Given entries:
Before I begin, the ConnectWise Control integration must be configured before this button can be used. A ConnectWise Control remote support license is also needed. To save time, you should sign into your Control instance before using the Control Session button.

* * *

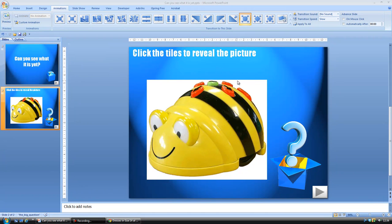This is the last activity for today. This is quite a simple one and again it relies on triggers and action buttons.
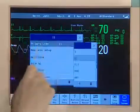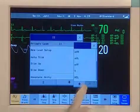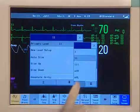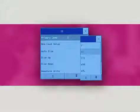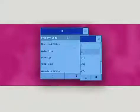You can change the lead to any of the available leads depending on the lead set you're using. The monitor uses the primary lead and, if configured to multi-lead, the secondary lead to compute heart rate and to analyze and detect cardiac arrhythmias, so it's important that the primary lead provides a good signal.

---

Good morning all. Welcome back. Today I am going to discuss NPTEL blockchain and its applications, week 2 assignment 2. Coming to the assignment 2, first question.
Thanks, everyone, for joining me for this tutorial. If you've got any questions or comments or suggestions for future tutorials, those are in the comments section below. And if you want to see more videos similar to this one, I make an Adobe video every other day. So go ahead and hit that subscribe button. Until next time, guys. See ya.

Assignment: From the listing above, repeat only the lines between the line containing "This is the" and the line containing "You can change", those two included. Pictures are not part of the copy.

Response box:
This is the last activity for today. This is quite a simple one and again it relies on triggers and action buttons.
You can change the lead to any of the available leads depending on the lead set you're using. The monitor uses the primary lead and, if configured to multi-lead, the secondary lead to compute heart rate and to analyze and detect cardiac arrhythmias, so it's important that the primary lead provides a good signal.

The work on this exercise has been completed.